## INSTRUCTIONS TO FOLLOW
The listing is to be transcribed in full, with its images left out.
____ MATERIAL PROVIDED
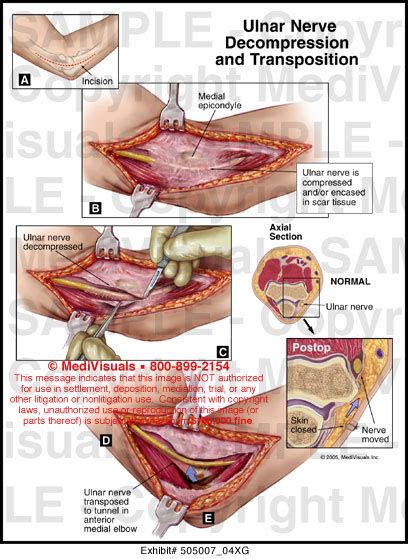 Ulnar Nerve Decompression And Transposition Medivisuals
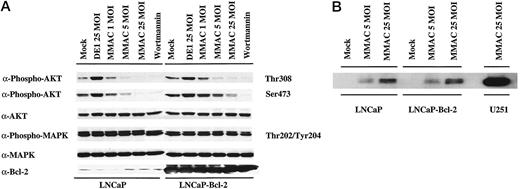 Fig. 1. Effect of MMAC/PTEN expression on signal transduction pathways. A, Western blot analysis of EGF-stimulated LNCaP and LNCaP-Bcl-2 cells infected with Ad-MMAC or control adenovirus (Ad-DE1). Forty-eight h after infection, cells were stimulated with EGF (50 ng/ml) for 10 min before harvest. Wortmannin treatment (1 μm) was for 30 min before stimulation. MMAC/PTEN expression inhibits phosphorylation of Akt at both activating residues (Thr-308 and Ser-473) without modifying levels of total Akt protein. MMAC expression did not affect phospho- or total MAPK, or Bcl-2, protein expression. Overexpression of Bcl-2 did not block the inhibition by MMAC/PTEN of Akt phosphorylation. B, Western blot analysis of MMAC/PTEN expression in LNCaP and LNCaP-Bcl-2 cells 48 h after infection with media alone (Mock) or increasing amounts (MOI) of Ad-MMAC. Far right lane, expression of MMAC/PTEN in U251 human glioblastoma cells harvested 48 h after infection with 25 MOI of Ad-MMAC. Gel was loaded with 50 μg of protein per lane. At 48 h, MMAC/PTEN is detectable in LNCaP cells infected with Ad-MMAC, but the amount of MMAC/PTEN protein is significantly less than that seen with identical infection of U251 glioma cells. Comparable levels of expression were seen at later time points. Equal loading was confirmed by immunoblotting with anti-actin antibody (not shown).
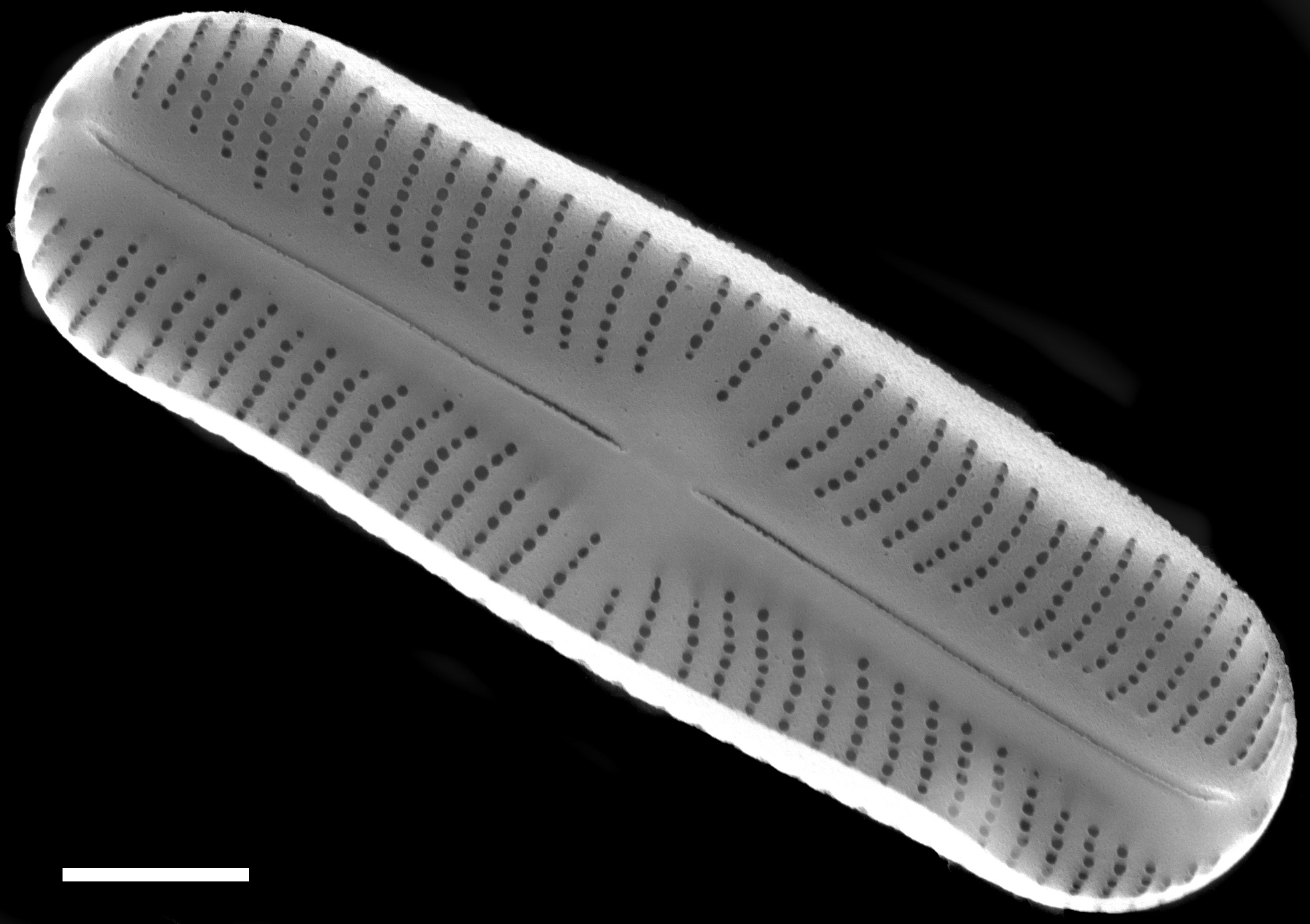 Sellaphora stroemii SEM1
________
## ANSWER BELOW
 Ulnar Nerve Decompression And Transposition Medivisuals
 Fig. 1. Effect of MMAC/PTEN expression on signal transduction pathways. A, Western blot analysis of EGF-stimulated LNCaP and LNCaP-Bcl-2 cells infected with Ad-MMAC or control adenovirus (Ad-DE1). Forty-eight h after infection, cells were stimulated with EGF (50 ng/ml) for 10 min before harvest. Wortmannin treatment (1 μm) was for 30 min before stimulation. MMAC/PTEN expression inhibits phosphorylation of Akt at both activating residues (Thr-308 and Ser-473) without modifying levels of total Akt protein. MMAC expression did not affect phospho- or total MAPK, or Bcl-2, protein expression. Overexpression of Bcl-2 did not block the inhibition by MMAC/PTEN of Akt phosphorylation. B, Western blot analysis of MMAC/PTEN expression in LNCaP and LNCaP-Bcl-2 cells 48 h after infection with media alone (Mock) or increasing amounts (MOI) of Ad-MMAC. Far right lane, expression of MMAC/PTEN in U251 human glioblastoma cells harvested 48 h after infection with 25 MOI of Ad-MMAC. Gel was loaded with 50 μg of protein per lane. At 48 h, MMAC/PTEN is detectable in LNCaP cells infected with Ad-MMAC, but the amount of MMAC/PTEN protein is significantly less than that seen with identical infection of U251 glioma cells. Comparable levels of expression were seen at later time points. Equal loading was confirmed by immunoblotting with anti-actin antibody (not shown).
 Sellaphora stroemii SEM1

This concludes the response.